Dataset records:
━━━━━━━━━━━━━━━━━━━━
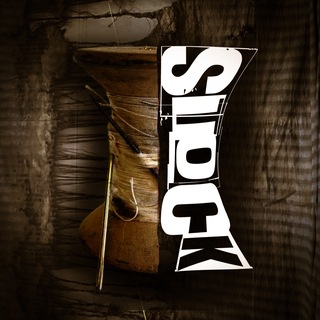 Telegram profile photo for threadstock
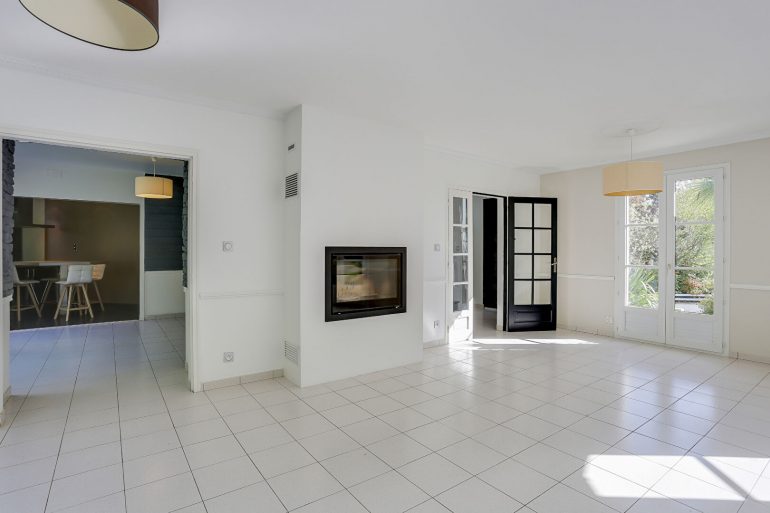 Maison 7 pièces - 177 m² environ - 59118986e.jpg | Kermarrec Habitation
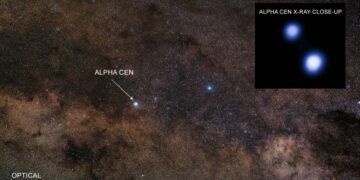 ಗುರುಗ್ರಹಕ್ಕಿಂತ ದೊಡ್ಡದಾದ ಅನಿಲ ದೈತ್ಯಗ್ರಹ ಪತ್ತೆ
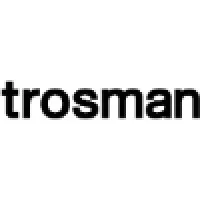 Trosman S.A.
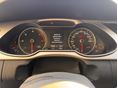 AUDI A4 ALLROAD 2015/5 - 9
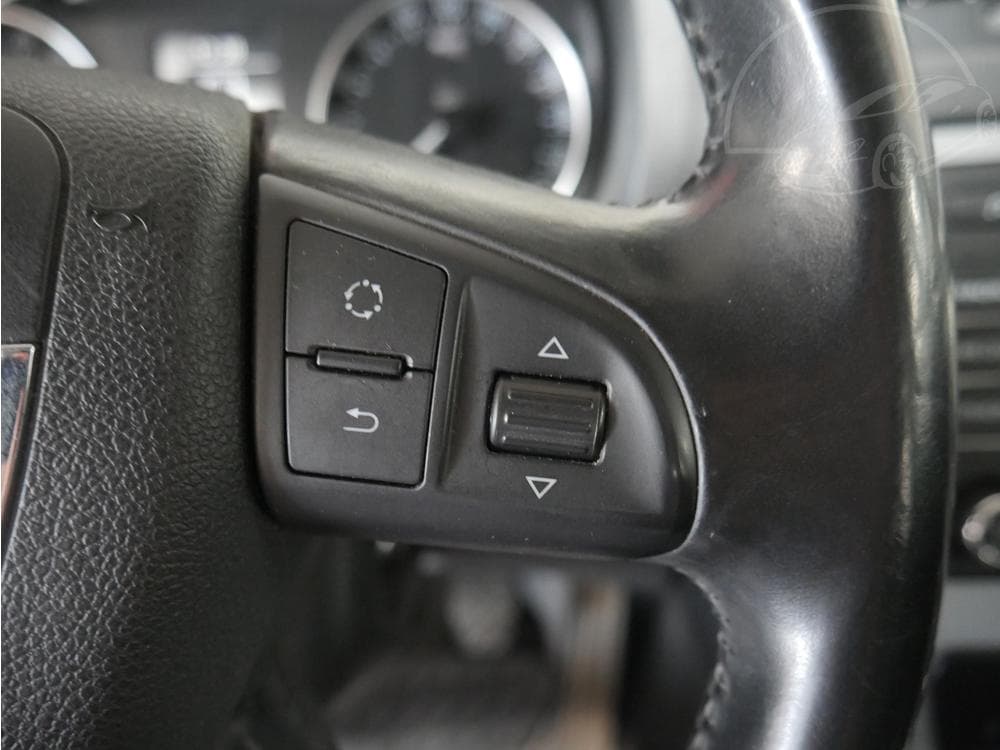 2009 Škoda OCTAVIA - 15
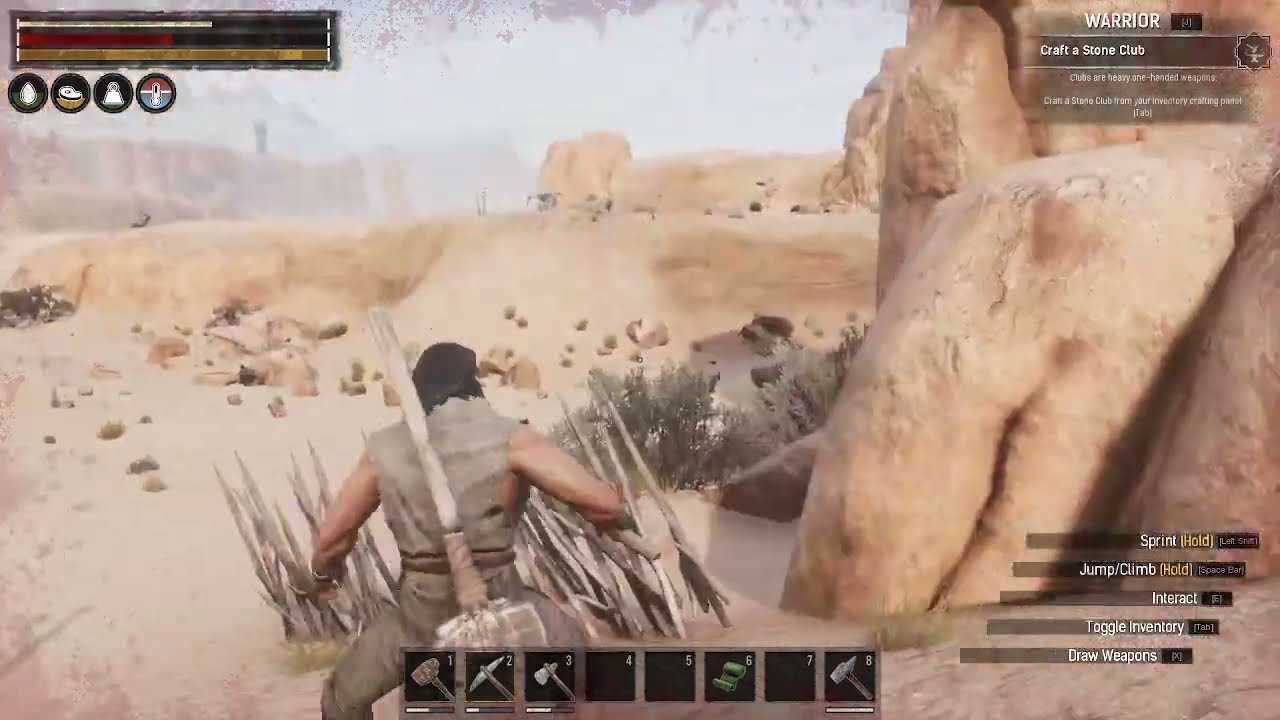 IM SORRY(conan part 3)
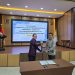 Wali Kota Zulmaeta Serahkan LKPD Unaudited Tahun 2025 Kepada BPK Sumatera Barat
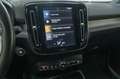 Volvo XC40 D4 R-Design AWD Aut. Azul - thumbnail 18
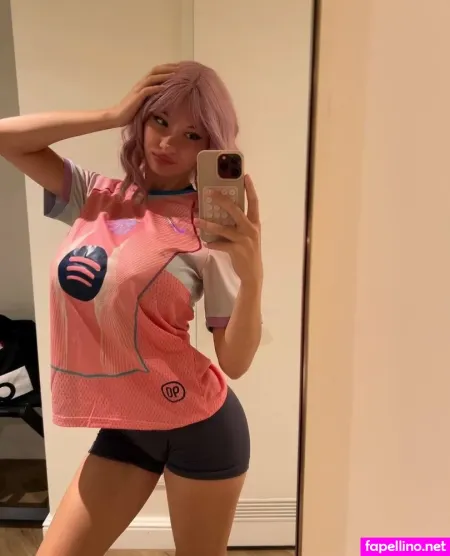 Rubyysde OnlyFans Thumbnail #Tq8bYi27fZ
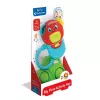 Baby 17947 juguete musical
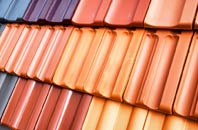 find rated Carlinghow clay roofing companies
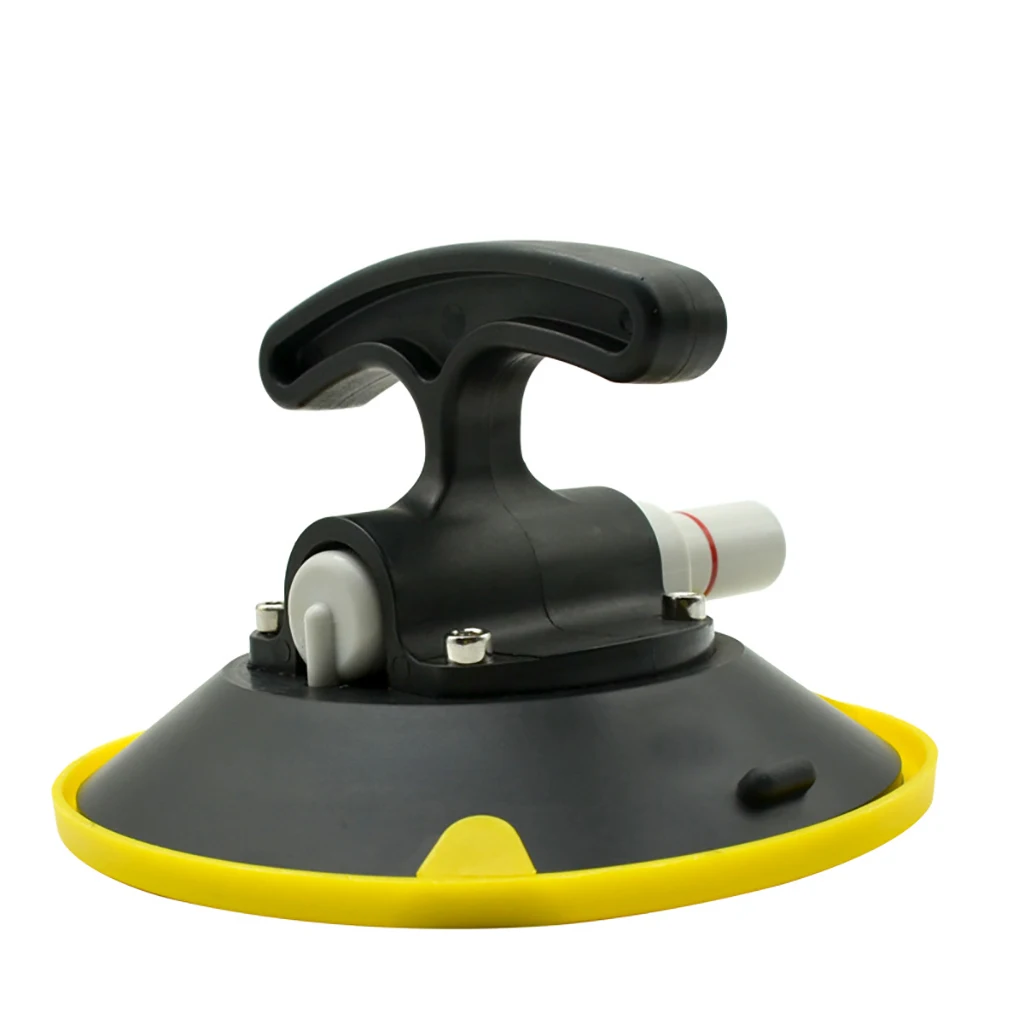 Autotelefon Action Kamera halter Handpumpe Saugnapf m6 m8 1/4 "3/8" Gewinde für Gopro Held für Insta360 Dji Action Zubehör – Detail 18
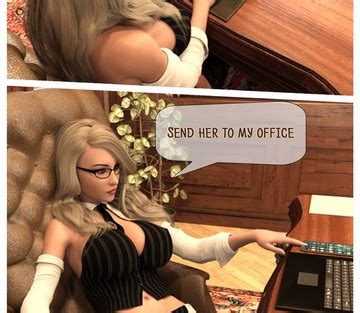 Teachers Pet Muses Sex And Porn Comics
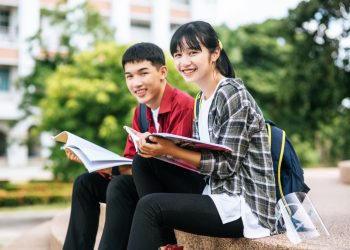 Tanpa Tes! Jenis Ekstrakurikuler yang Jadi Jalan Masuk ke PTN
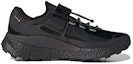 Order (W) Stella McCartney x adidas Outdoor Boost Rain.RDY 'Hitam' FX1964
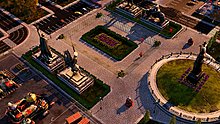 red_alert_3_image_03.jpg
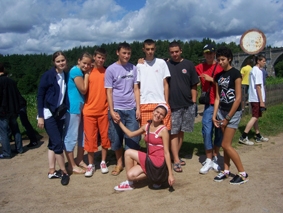 web2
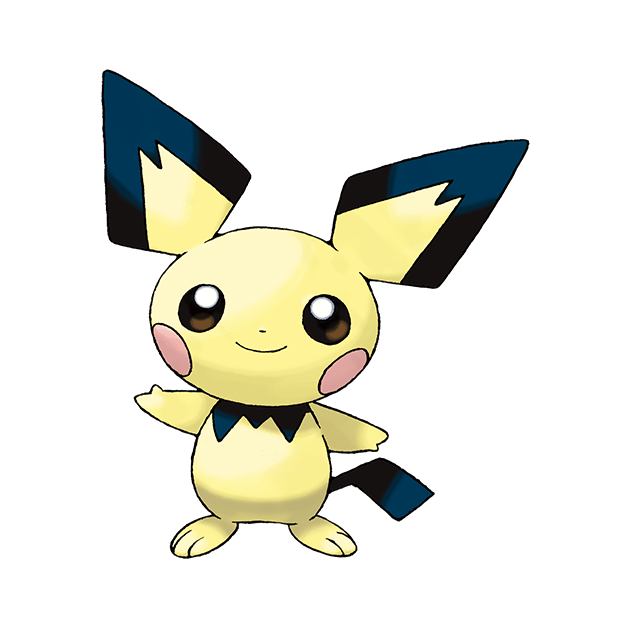 Tổng hợp Pokémon Vẽ Pikachu giá rẻ bán chạy tháng 42023  BeeCost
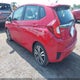 3HGGK5H86FM701620 2015 Honda Fit Ex/Ex-L auction photo thumbnail 3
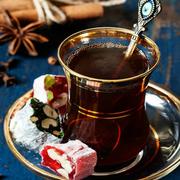 用户7008981311219的个人资料头像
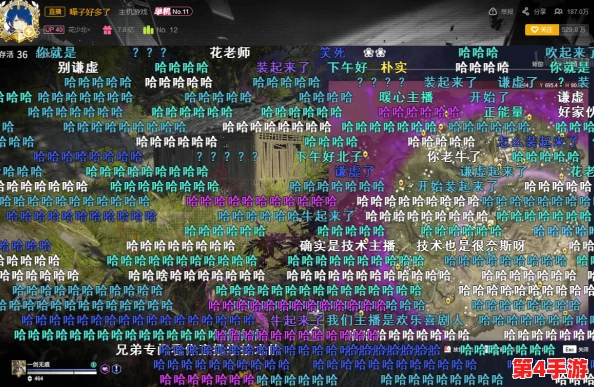 《永劫无间》高效推荐信物策略：解锁角色魅力，提升游戏体验的必备指南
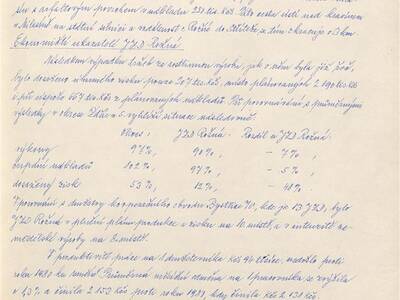 kronika-obce-ron-1981-1998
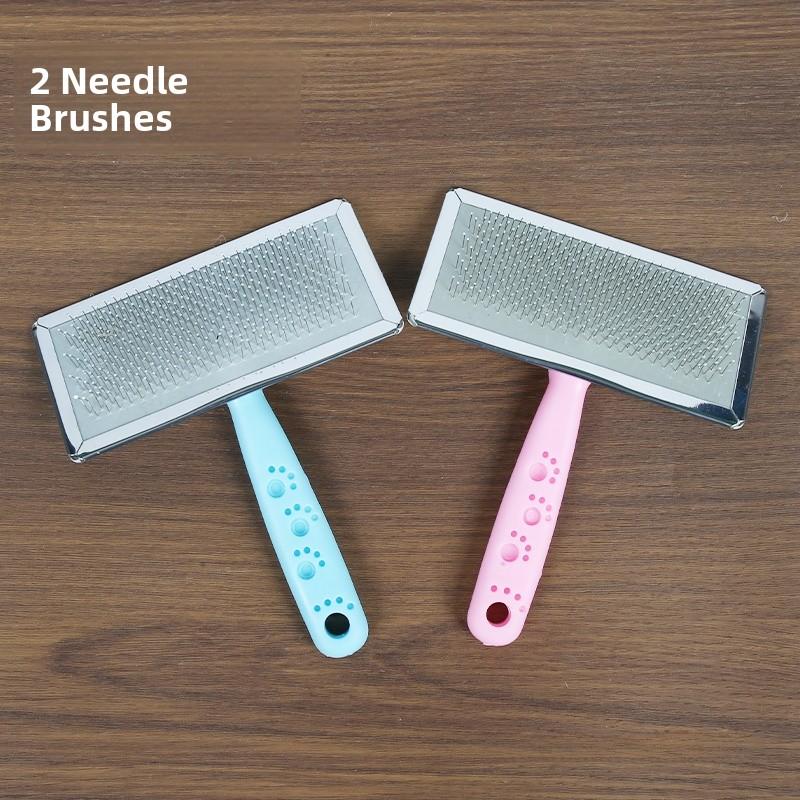 Real Wood Spinning Mallet for Yarn Combining Dog And  Hair Into Scarf Weaving Memorial DIY Crt Tool Home Textile Sewing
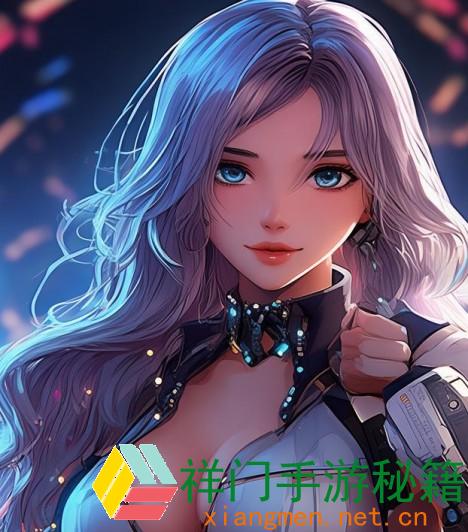 挑选最适宜自己的400大看免费行情软件：引荐与运用技巧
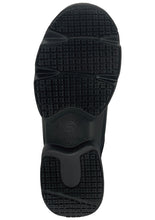load the image into the gallery viewer, WB-1103 Winter Snow Boots (BLACK)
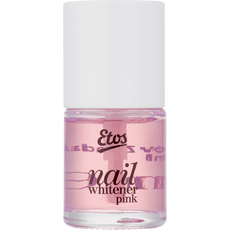 Etos Nailcare Nail Whitener Pink 10 ML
━━━━━━━━━━━━━━━━━━━━
● WORK TO COMPLETE: The records above are to be reproduced exactly; the pictures are to be left out.

● ANSWER FOR THE TASK:
 Telegram profile photo for threadstock
 Maison 7 pièces - 177 m² environ - 59118986e.jpg | Kermarrec Habitation
 ಗುರುಗ್ರಹಕ್ಕಿಂತ ದೊಡ್ಡದಾದ ಅನಿಲ ದೈತ್ಯಗ್ರಹ ಪತ್ತೆ
 Trosman S.A.
 AUDI A4 ALLROAD 2015/5 - 9
 2009 Škoda OCTAVIA - 15
 IM SORRY(conan part 3)
 Wali Kota Zulmaeta Serahkan LKPD Unaudited Tahun 2025 Kepada BPK Sumatera Barat
 Volvo XC40 D4 R-Design AWD Aut. Azul - thumbnail 18
 Rubyysde OnlyFans Thumbnail #Tq8bYi27fZ
 Baby 17947 juguete musical
 find rated Carlinghow clay roofing companies
 Autotelefon Action Kamera halter Handpumpe Saugnapf m6 m8 1/4 "3/8" Gewinde für Gopro Held für Insta360 Dji Action Zubehör – Detail 18
 Teachers Pet Muses Sex And Porn Comics
 Tanpa Tes! Jenis Ekstrakurikuler yang Jadi Jalan Masuk ke PTN
 Order (W) Stella McCartney x adidas Outdoor Boost Rain.RDY 'Hitam' FX1964
 red_alert_3_image_03.jpg
 web2
 Tổng hợp Pokémon Vẽ Pikachu giá rẻ bán chạy tháng 42023  BeeCost
 3HGGK5H86FM701620 2015 Honda Fit Ex/Ex-L auction photo thumbnail 3
 用户7008981311219的个人资料头像
 《永劫无间》高效推荐信物策略：解锁角色魅力，提升游戏体验的必备指南
 kronika-obce-ron-1981-1998
 Real Wood Spinning Mallet for Yarn Combining Dog And  Hair Into Scarf Weaving Memorial DIY Crt Tool Home Textile Sewing
 挑选最适宜自己的400大看免费行情软件：引荐与运用技巧
load the image into the gallery viewer, WB-1103 Winter Snow Boots (BLACK)
 Etos Nailcare Nail Whitener Pink 10 ML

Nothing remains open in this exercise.